“So broadly, if you look at markets right now, on the cash markets, on the sovereign side, markets have been quite stable. There have been a lot of support that has been provided by the central bank to help stabilise markets. But on the non-cash side markets have seen significant volatility,” Bafna explained in an interview to ET Now.
He added that the Overnight Index Swap (OIS) curve has moved up significantly, pulling the corporate bond curve along with it. “Now in that background if you just look at spreads as compared to historical averages, spreads have become extremely attractive as against last March as well and the cost of carry has become extremely prohibitive primarily because in the entire market liquidity has gone into surplus with active intervention by the RBI again. So, with that carry perhaps is the right flavour of the market as of now given that overnight rates are still below 5%, today they have gone a little above 5% but over the last say fortnight or so they have been continuously below 5% and AAA segment non-SLR segment is trading above 7.25%. So, the spreads are extremely attractive and in turn the carries extremely-extremely attractive as against historical mean as well.”

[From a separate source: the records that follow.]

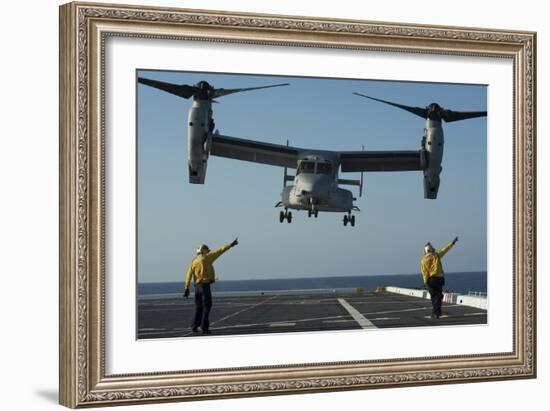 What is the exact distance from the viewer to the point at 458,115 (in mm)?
11516

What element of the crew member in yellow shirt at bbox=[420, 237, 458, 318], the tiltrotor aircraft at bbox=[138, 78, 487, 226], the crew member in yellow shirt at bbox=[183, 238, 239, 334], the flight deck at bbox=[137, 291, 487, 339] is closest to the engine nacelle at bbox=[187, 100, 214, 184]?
the tiltrotor aircraft at bbox=[138, 78, 487, 226]

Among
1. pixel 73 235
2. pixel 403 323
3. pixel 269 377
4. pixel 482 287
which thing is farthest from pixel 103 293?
pixel 482 287

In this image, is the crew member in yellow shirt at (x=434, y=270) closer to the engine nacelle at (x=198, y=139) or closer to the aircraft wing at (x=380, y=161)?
the aircraft wing at (x=380, y=161)

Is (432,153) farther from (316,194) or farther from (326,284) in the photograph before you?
(326,284)

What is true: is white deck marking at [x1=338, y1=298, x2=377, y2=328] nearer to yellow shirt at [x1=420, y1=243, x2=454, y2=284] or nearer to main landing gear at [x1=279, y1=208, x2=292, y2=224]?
yellow shirt at [x1=420, y1=243, x2=454, y2=284]

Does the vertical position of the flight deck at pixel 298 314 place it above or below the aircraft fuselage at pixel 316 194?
below

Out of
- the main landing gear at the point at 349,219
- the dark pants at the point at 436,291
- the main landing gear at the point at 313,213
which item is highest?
the main landing gear at the point at 313,213

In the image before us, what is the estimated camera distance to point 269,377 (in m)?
10.5

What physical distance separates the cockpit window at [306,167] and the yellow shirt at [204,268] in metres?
1.27

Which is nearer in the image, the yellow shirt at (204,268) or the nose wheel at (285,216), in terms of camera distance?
the yellow shirt at (204,268)

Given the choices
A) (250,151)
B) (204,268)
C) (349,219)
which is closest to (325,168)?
(349,219)

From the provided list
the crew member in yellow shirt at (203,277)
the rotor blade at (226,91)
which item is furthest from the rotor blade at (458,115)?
the crew member in yellow shirt at (203,277)

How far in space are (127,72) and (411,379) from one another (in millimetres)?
4968

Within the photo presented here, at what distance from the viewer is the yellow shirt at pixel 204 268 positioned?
10.7 metres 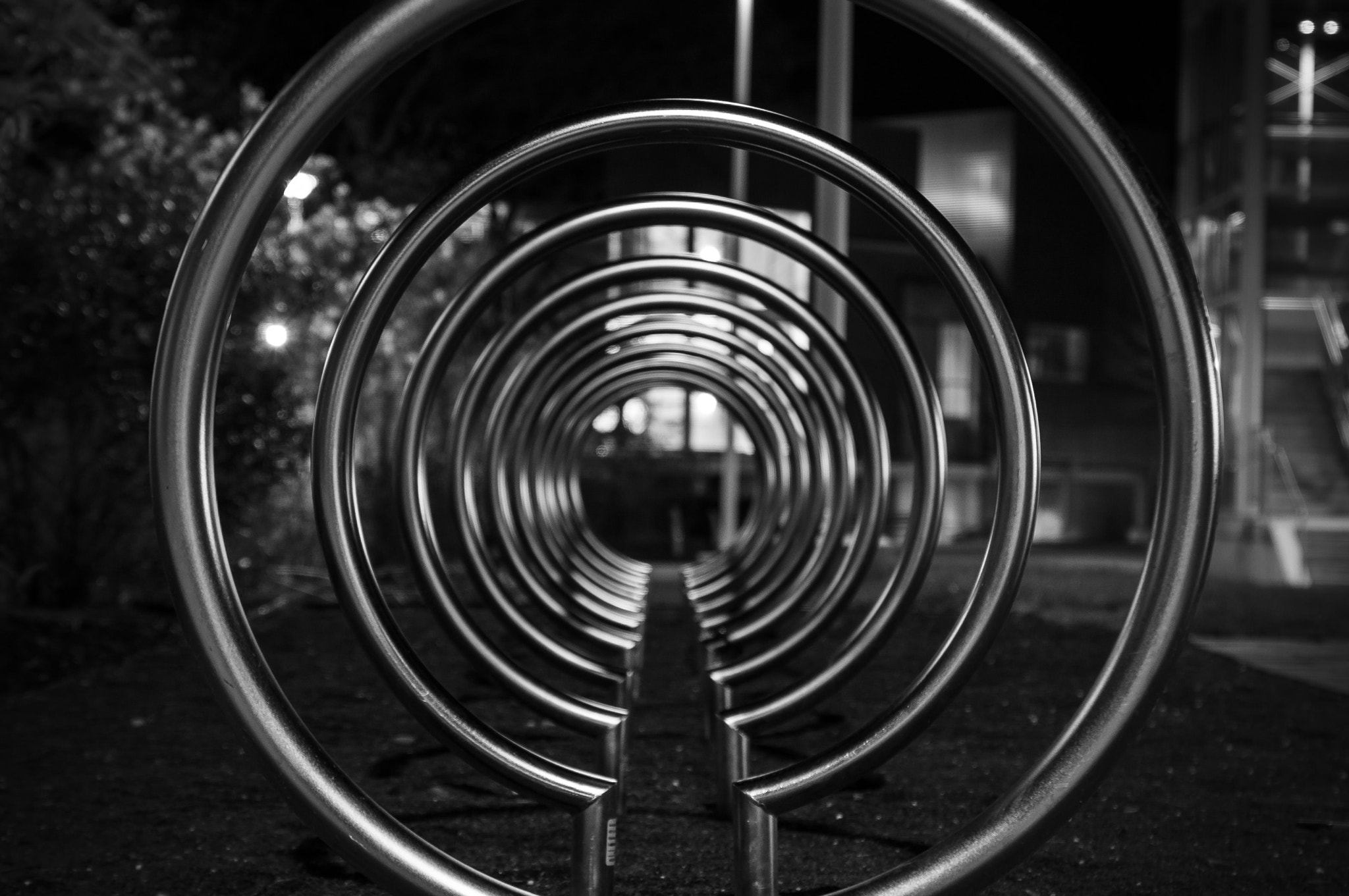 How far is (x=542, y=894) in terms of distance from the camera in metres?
2.70

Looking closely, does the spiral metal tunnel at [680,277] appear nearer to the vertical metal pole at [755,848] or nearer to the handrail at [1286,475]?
the vertical metal pole at [755,848]

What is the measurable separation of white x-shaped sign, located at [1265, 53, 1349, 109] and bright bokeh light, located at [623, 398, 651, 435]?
28.2 ft

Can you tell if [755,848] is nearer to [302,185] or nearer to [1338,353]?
[302,185]

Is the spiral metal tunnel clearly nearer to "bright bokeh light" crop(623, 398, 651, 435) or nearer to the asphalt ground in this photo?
the asphalt ground

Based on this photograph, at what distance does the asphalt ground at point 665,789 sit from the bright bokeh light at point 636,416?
13600mm

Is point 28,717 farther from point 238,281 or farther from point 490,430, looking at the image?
point 238,281

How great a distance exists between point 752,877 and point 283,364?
6968 millimetres

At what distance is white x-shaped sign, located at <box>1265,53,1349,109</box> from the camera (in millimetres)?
15133

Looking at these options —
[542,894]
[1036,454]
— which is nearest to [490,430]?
[542,894]

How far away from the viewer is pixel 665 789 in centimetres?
368

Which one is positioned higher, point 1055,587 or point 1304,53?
point 1304,53

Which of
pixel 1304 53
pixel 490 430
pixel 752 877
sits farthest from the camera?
pixel 1304 53

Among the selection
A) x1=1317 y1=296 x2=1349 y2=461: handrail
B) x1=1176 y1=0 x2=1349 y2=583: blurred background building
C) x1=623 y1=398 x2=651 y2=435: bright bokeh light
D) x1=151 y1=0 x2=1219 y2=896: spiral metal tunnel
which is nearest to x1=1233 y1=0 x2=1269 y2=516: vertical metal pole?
x1=1176 y1=0 x2=1349 y2=583: blurred background building

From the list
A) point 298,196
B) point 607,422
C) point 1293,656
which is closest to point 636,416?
point 607,422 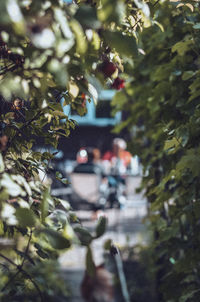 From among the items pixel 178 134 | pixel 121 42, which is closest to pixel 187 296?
pixel 178 134

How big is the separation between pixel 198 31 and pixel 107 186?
5753mm

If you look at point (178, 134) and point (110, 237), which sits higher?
point (110, 237)

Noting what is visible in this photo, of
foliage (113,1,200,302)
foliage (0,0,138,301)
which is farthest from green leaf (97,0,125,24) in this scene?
foliage (113,1,200,302)

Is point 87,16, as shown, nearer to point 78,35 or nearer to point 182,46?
point 78,35

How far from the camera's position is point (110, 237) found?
5293 mm

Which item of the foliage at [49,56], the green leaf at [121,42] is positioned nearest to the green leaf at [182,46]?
the foliage at [49,56]

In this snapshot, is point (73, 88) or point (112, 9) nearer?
point (112, 9)

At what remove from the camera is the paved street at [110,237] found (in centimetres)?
408

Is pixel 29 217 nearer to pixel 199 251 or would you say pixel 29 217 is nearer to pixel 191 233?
pixel 199 251

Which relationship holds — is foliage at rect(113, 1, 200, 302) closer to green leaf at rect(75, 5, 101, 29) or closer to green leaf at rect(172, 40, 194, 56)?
green leaf at rect(172, 40, 194, 56)

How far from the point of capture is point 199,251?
5.77ft

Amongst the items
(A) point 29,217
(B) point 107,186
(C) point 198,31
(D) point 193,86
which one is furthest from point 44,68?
(B) point 107,186

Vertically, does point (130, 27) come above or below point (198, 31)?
below

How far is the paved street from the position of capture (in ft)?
13.4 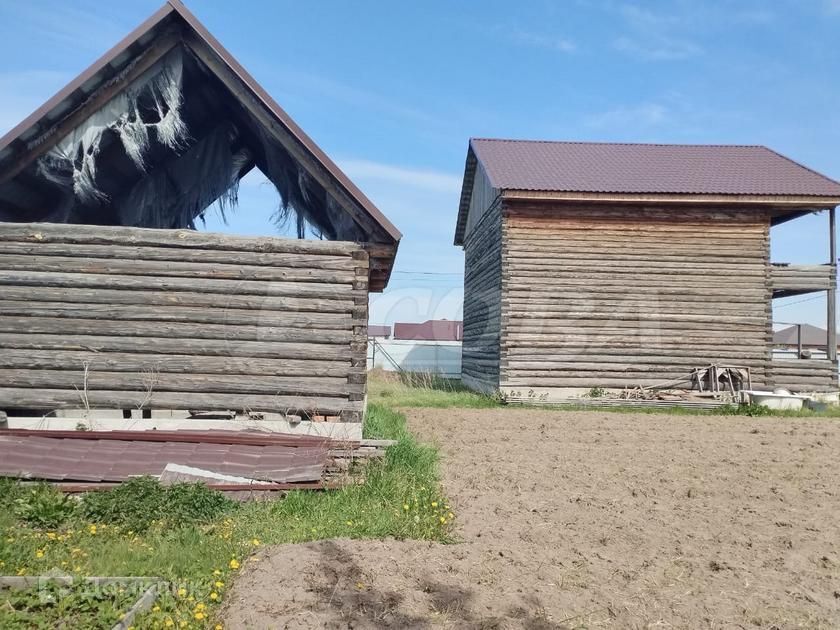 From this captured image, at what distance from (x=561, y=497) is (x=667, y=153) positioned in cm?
1625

Flows Into Fixed Income Mutual Funds
Bafna noted that inflows into fixed income mutual funds have been shaped by a mix of bank borrowing trends and market liquidity conditions. “Over the past quarter perhaps we have seen signs of that. So, if you go back a couple of quarters, we have seen significantly high credit deposit ratios for banks and given that is the case, so this then reads out in two parts.”
He explained that banks have increasingly borrowed from the market to support credit growth, which temporarily muted additional investments into mutual funds. “A large part of the brunt has been seen by the segments up to one year in terms of overall flows. Over the next quarter we expect that these flows as liquidity continues to remain in surplus, as we cross the quarter and this is a quarter end phenomenon every time that we see in terms of spreads widening but this time it has been a little higher as compared to historical patterns because of this phenomenon that credit deposit ratio has been higher and we have seen a significant amount of shift from corporates towards bank borrowings and therefore the impact on banks.”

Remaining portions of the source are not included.